The arbitrator denied Adams’s objection and proceeded with the hearing, which resulted in an award to Barr of the full measure of fees it sought, plus interest, and the dismissal of all of Adams’s counterclaims. Adams filed an application to vacate the arbitration award in the superior court, arguing again that the arbitration provision was not enforceable. Barr argued that Adams had waived its objection by actively participating in the arbitration for months before bringing the objection. The superior court agreed with the arbitrator, and with Barr, concluding that such active participation and last-minute objection amounted to a waiver of any challenge to the validity of the agreement. On appeal, the Vermont Supreme Court, citing relevant Vermont and national case law, agreed that “at some point prior to the actual arbitration hearing a party who participates in an arbitration proceeding without objecting to the validity of the arbitration may waive the ability to make that objection.” Declining to indicate exactly where that line is, the Vermont Supreme Court nonetheless concluded that Adams had crossed it.

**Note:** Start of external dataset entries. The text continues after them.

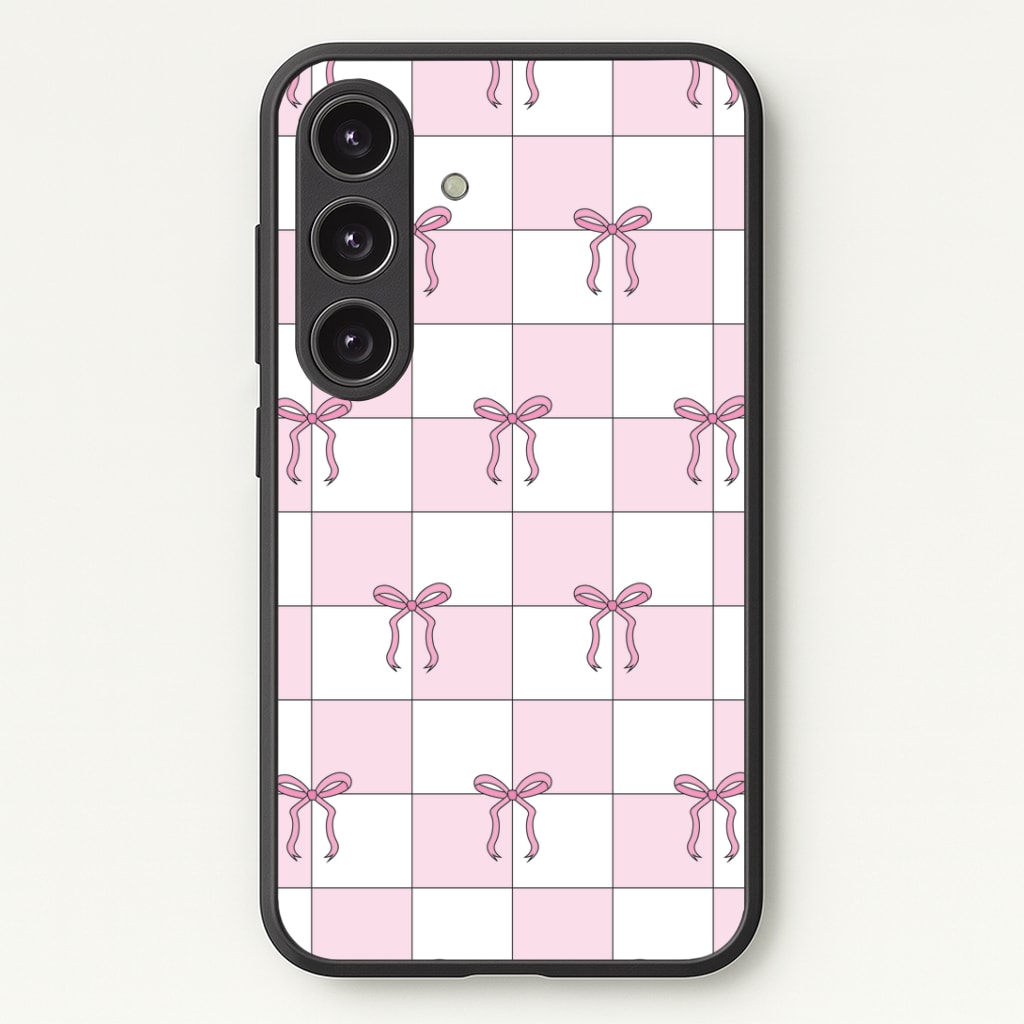 Checkered Pink Coquette Bows Phone Case - Galaxy S24 Plus / Standard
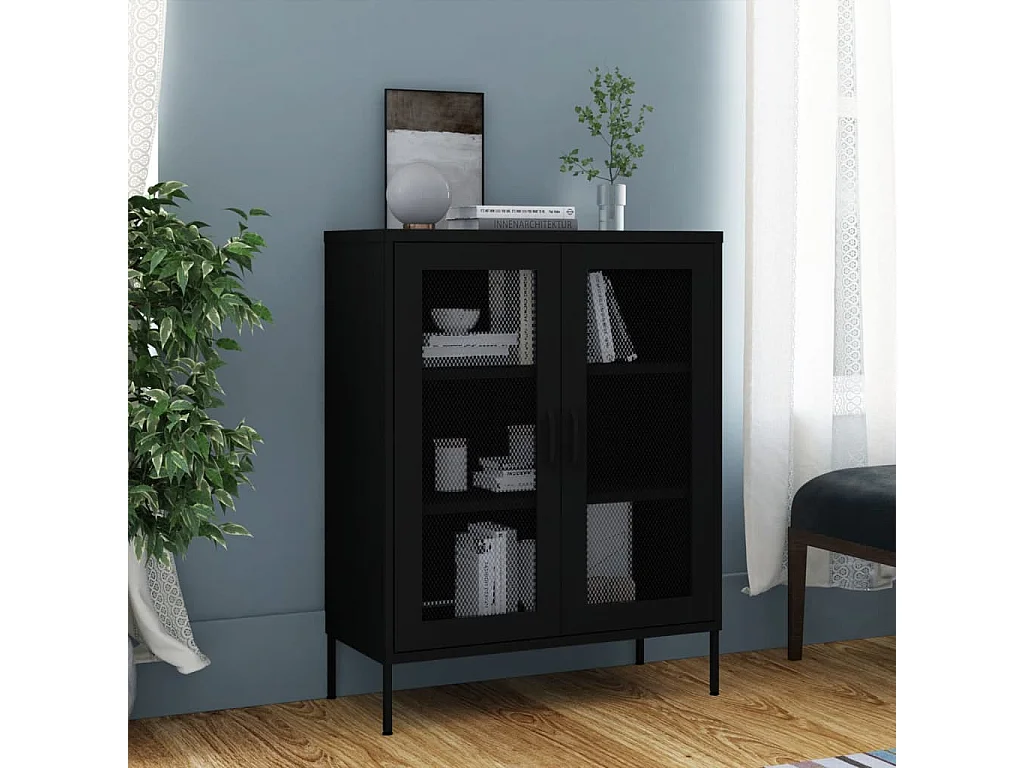 Armoire de rangement Noir 80x35x101,5 Acier 3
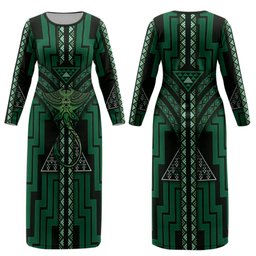New Zealand Manta Ray Couples Matching Long Sleeve Bodycon Dress and Long Sleeve Button Shirt Maori Tukutuku Taniko Motifs Green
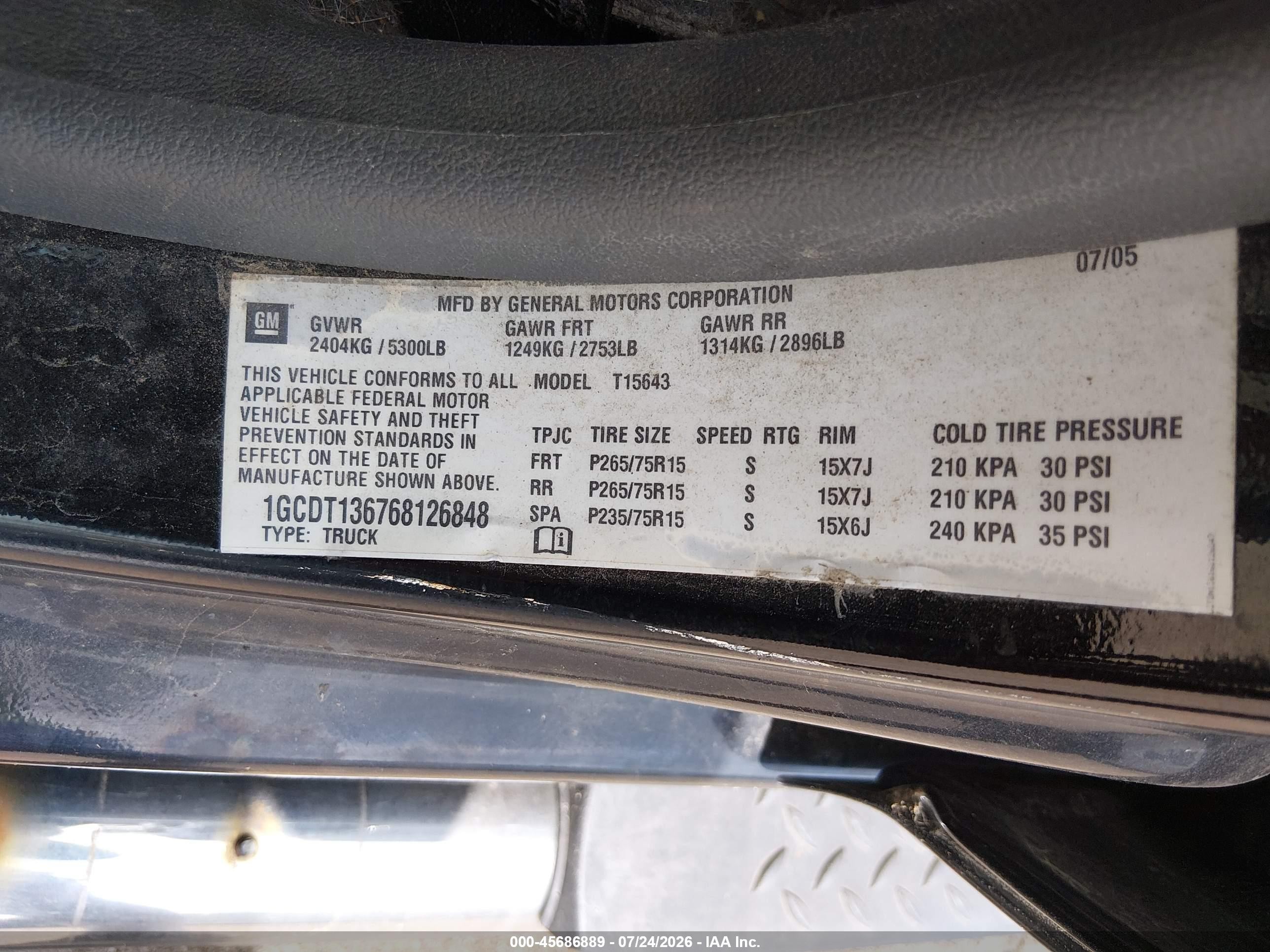 2006 Chevrolet Colorado Lt Black vin: 1GCDT136768126848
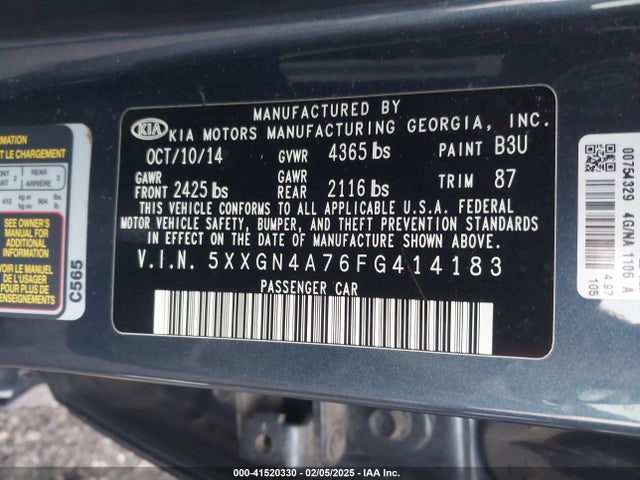 KIA OPTIMA EX 2015 5XXGN4A76FG414183 Image 9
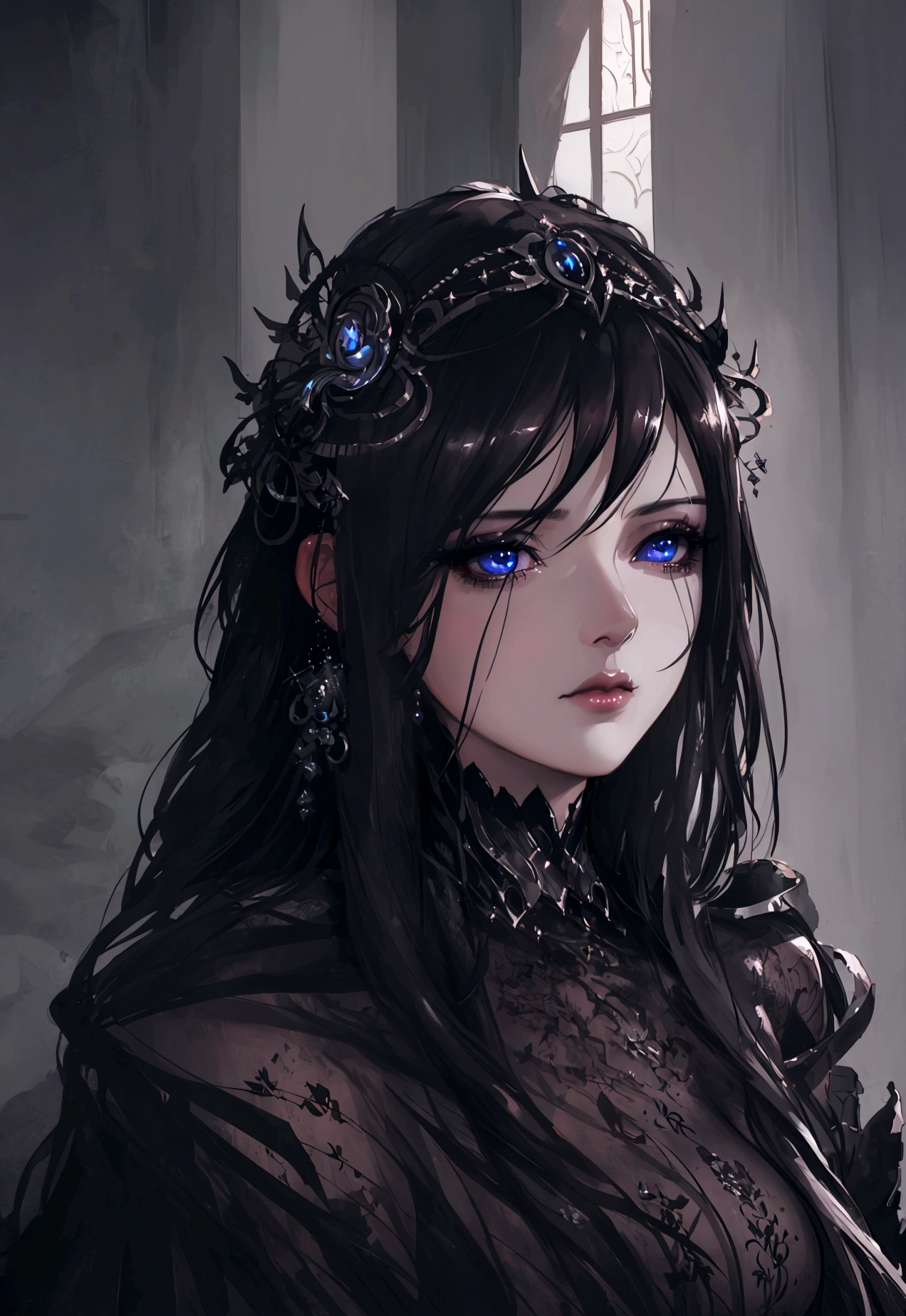 a woman with beautiful detailed eyes, beautiful detailed lips, extremely detailed face and features, long eyelashes, serious expression, dark hair, high quality, photorealistic, 8k, masterpiece, cinematic lighting, dark dramatic moody lighting, fantasy art, digital painting, concept art, atmospheric, cinematic, dramatic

Maine’s Law Court has not addressed this question squarely—yet—but it could reach the same conclusion. Better to avoid the question entirely and raise any objection to the enforcement of an arbitration provision as soon as possible. Even if you lose before the arbitrator and are forced to proceed with the arbitration hearing, you will have preserved your objection and your ability to pursue that argument on appeal. Waiting increases the risk.